> [TASK DETAILS]: Each line from the one containing "Пассатижи - трансформер" through the last line of the records is to be repeated exactly, with all pictures left out.
START MATERIAL SHOWN
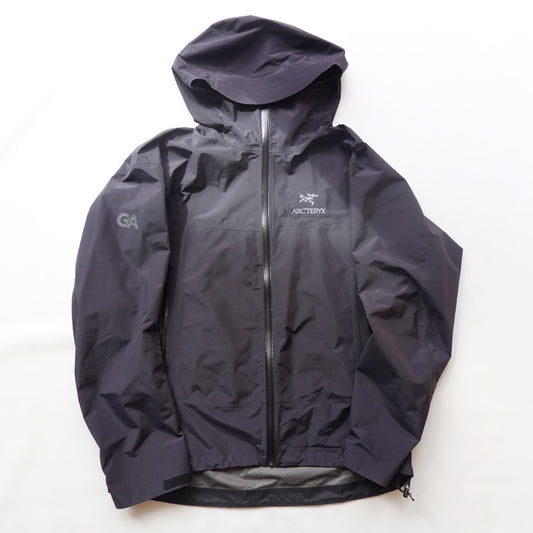 2017 Arc’teryx Beta SL Jacket - Size XL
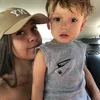 barbara.reichert0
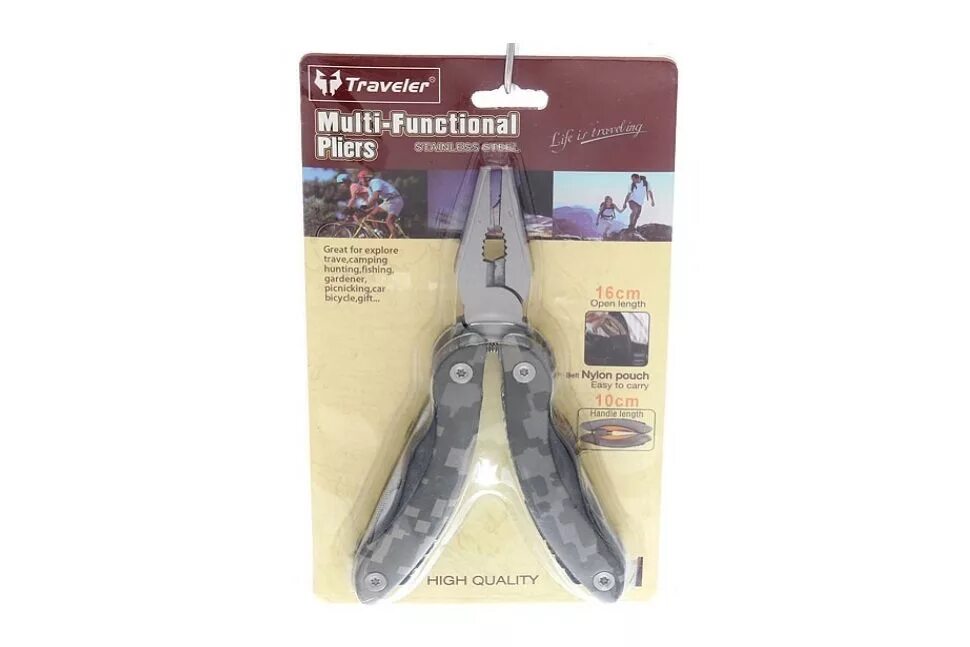 Пассатижи - трансформер 13в1 34-1-013. Мультитул плоскогубцы y143. Плоскогубцы stanley 0-84-519. Nnb мультитул 9 в1 синий. Пассатижи 9 в 1.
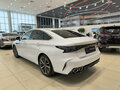 2023 Chery Arrizo 8, белый - вид 6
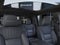 2026 GMC Sierra EV Denali Max Range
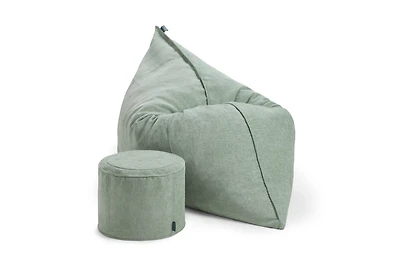 PillowSac Bundle: Squattoman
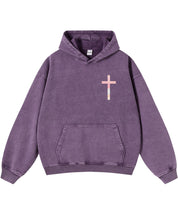 https://jollybell-1326511750.cos.accelerate.myqcloud.com/0/c9aa49fb45eb45c2b57bb03728d01df9.png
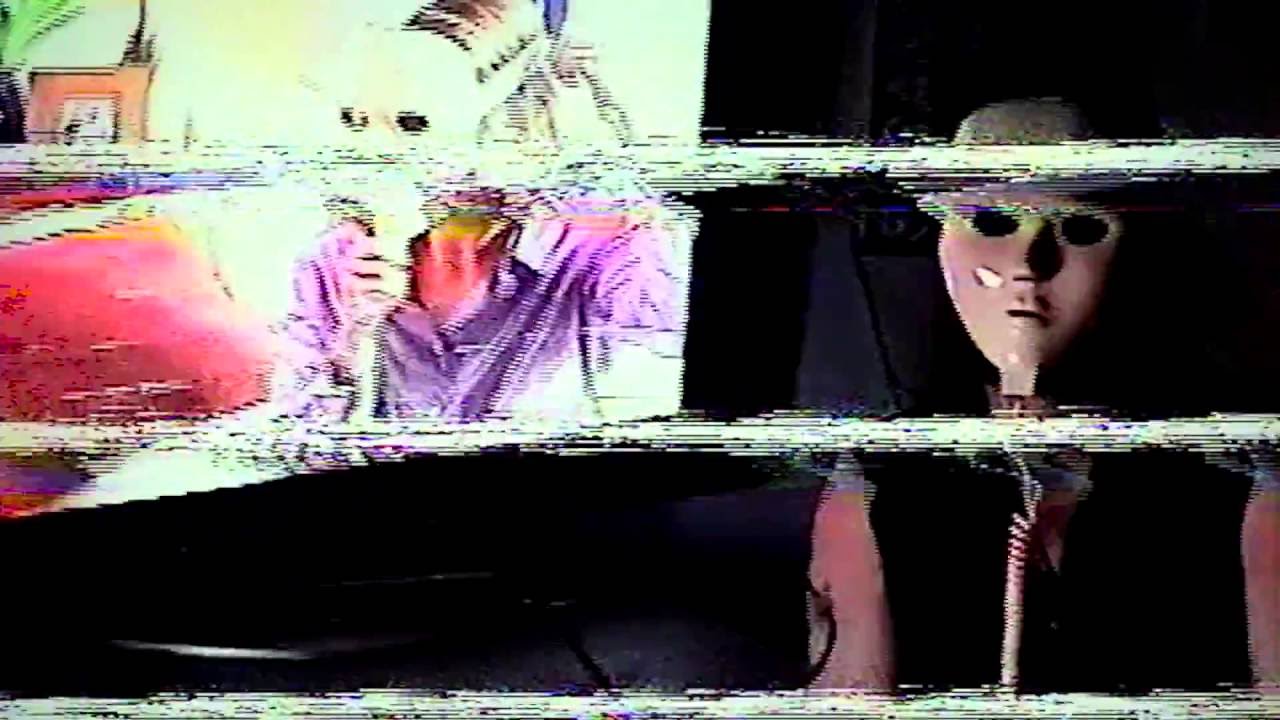 Watch Toner - Juice (OFFICIAL) on YouTube Watch Toner - Juice (OFFICIAL) on YouTube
END MATERIAL SHOWN
> [RESULT OF THIS EXERCISE]:
 Пассатижи - трансформер 13в1 34-1-013. Мультитул плоскогубцы y143. Плоскогубцы stanley 0-84-519. Nnb мультитул 9 в1 синий. Пассатижи 9 в 1.
 2023 Chery Arrizo 8, белый - вид 6
 2026 GMC Sierra EV Denali Max Range
 PillowSac Bundle: Squattoman
 https://jollybell-1326511750.cos.accelerate.myqcloud.com/0/c9aa49fb45eb45c2b57bb03728d01df9.png
 Watch Toner - Juice (OFFICIAL) on YouTube Watch Toner - Juice (OFFICIAL) on YouTube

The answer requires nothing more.